By Christian Morales, Intel Vice President and General Manager of Intel EMEA
Today, the European Commission adopted a proposal to establish a European framework for supply chain due diligence and self-certification of responsible importers of tin, tantalum, tungsten & gold originating in conflict affected and high risk areas. Christian Morales, Intel Vice President and General Manager of Intel Europe, Middle East and Africa (EMEA), said “Intel welcomes the Commission proposal for EU action to address this important issue. At Intel, we take this matter very seriously. Tackling what initially looked to be a near-impossible challenge several years ago, we are committed to implement systems required to achieve a conflict free supply chain that we have today. We are conscious it is a long journey which needs the collaborative effort of many to succeed.”
In 2012, our first major step in this process was to validate our microprocessors as conflict free for tantalum. Earlier this year, Intel CEO Brian Krzanich announced that the company reached an important milestone in this long journey — Intel is now manufacturing, and shipping, conflict free microprocessors.

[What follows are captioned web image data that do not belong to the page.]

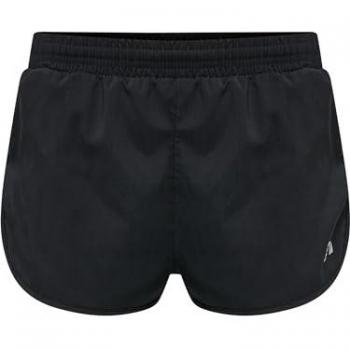 Newline Sport Mallas Cortas Core Split, Pantalones Cortos para Mujer, Color Negro, Talla XL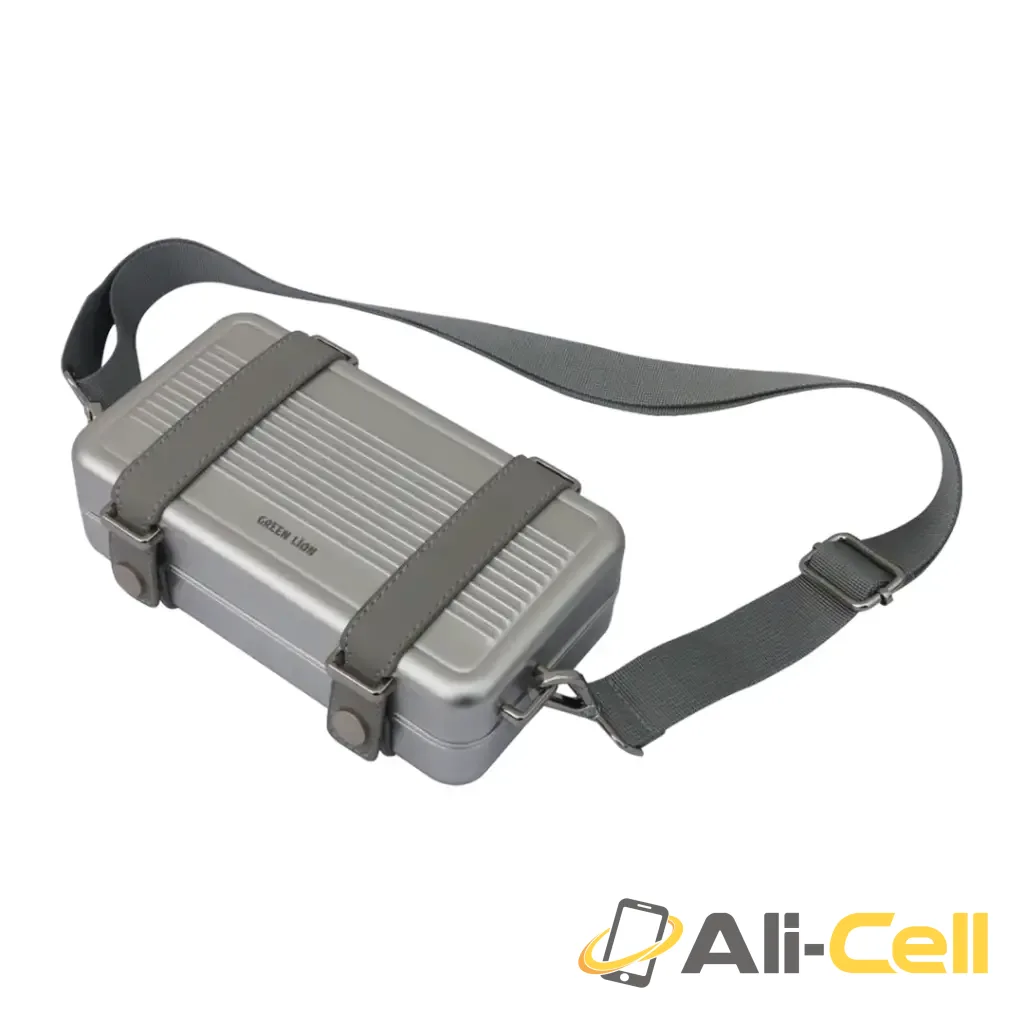 Green Lion Valancia Carry Bag - Silver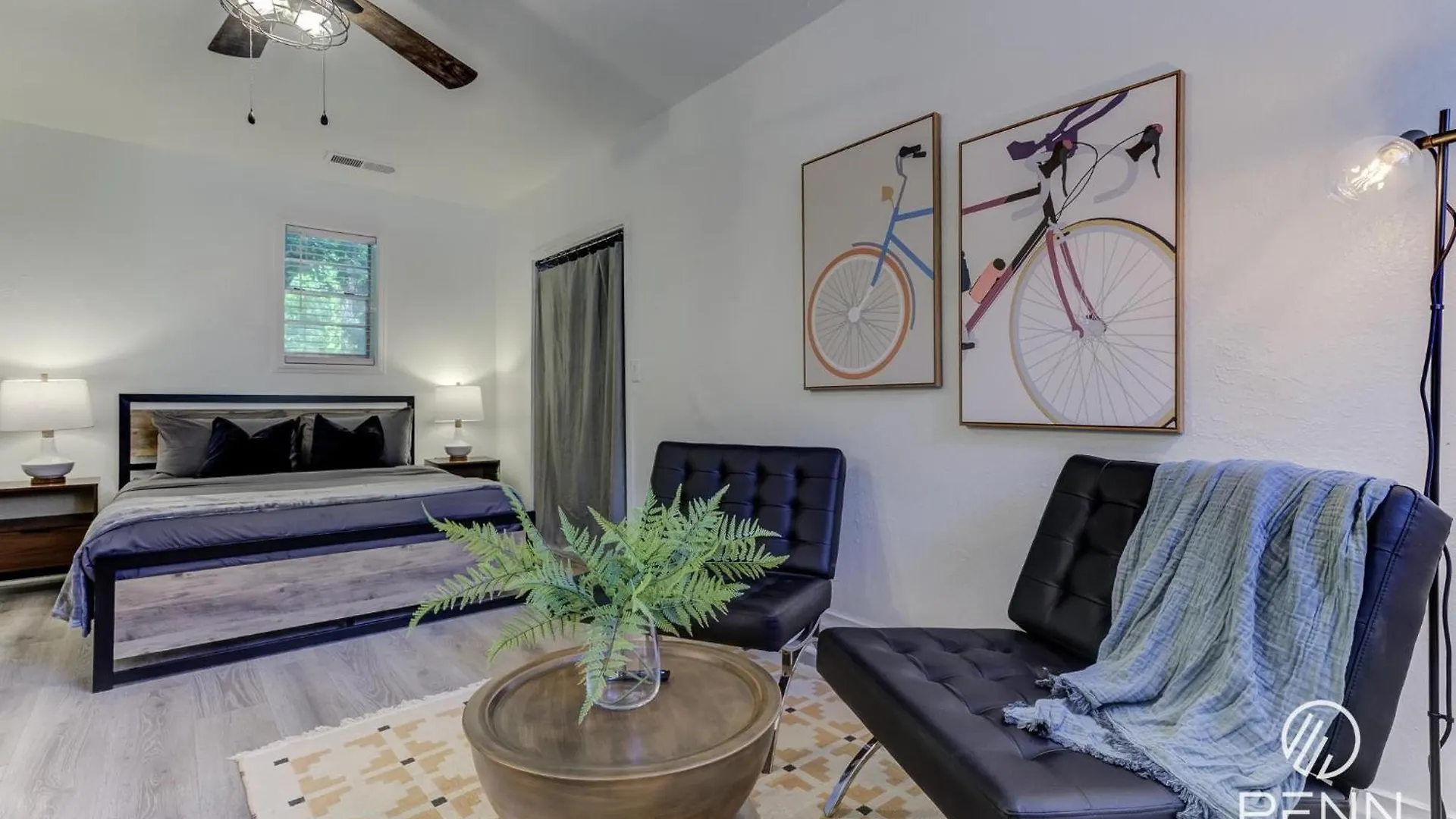 בית נופש ממפיס Central, Bright & Modern In Cooper Young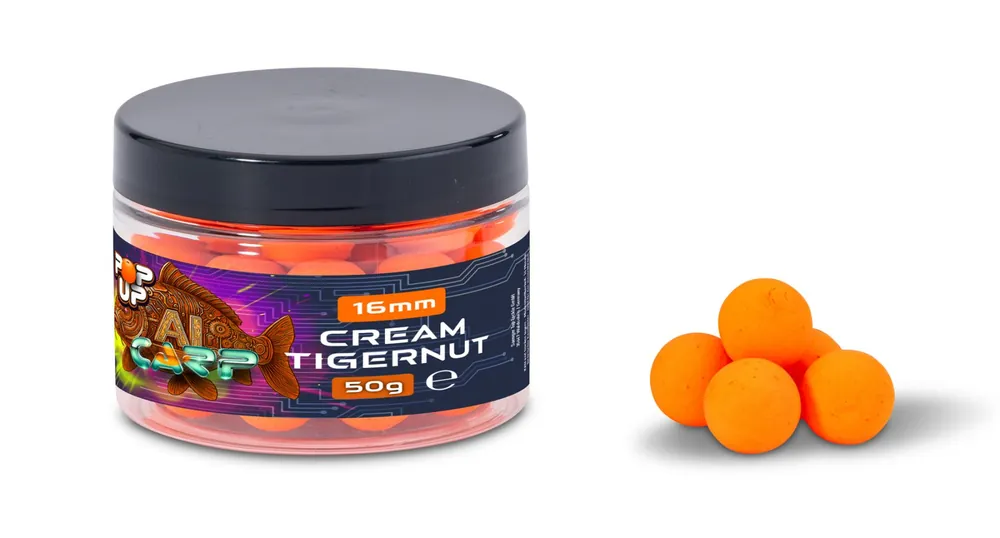 Anaconda AI Carp Pop Up´s Cream Tigernut 16mm (50g) Flitsaanbieding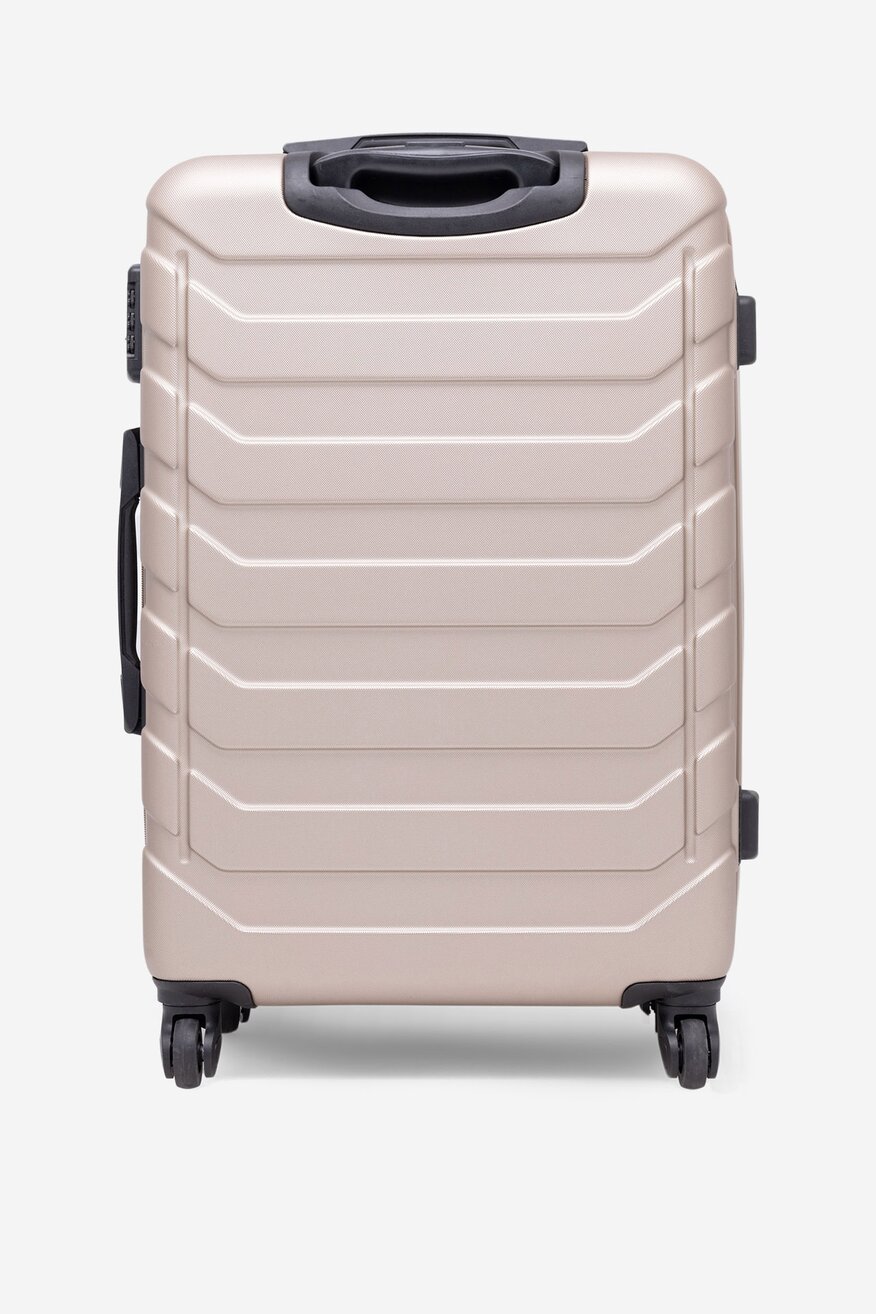 Walizka Lasocki WAS-M-004-A23-GOLD Złoty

Success also requires leadership by national governments and the European Union to help maintain broad momentum to address stability in the Democratic Republic of the Congo (DRC). An important step towards stability is to ensure a way forward for in-region sourcing. Together, governments and industry can support legitimate mining and local communities in the DRC, while taking conflict minerals** out of the supply chain.
Our journey is far from complete. Other companies that use conflict minerals – particularly major electronics, aerospace and automotive corporations – should join the effort to tackle this important global issue. As long as profits from the sale of minerals mined in the Congo are funding human rights atrocities and crimes in the region, our work is not done.
“Conflict minerals” originating from the DRC are sometimes mined and sold, under the control of armed groups, to finance conflict and violence. Some of these conflict minerals and the metals created from them can make their way into the supply chains of both industrial and consumer products. Over the past several years, governments, the private sector and NGOs have come together to help build a responsible, conflict-free minerals trade.
*We define “conflict-free” products as those manufactured with metals from smelters that have been validated by the EICC and GeSI CFS program, or other country of origin determination and due diligence, to be “DRC conflict free,” as that term is used in law.
**The term “conflict minerals” is defined in US federal law as columbine-tantalite (the metal ore from which tantalum is extracted); cassiterite (the metal ore from which tin is extracted); wolframite (the metal ore from which tungsten is extracted); and gold. The term broadly covers these minerals on a worldwide basis, but the focus of the law is on the possibility that the mining and sale of these minerals from the DRC or adjoining countries could be financing armed conflict.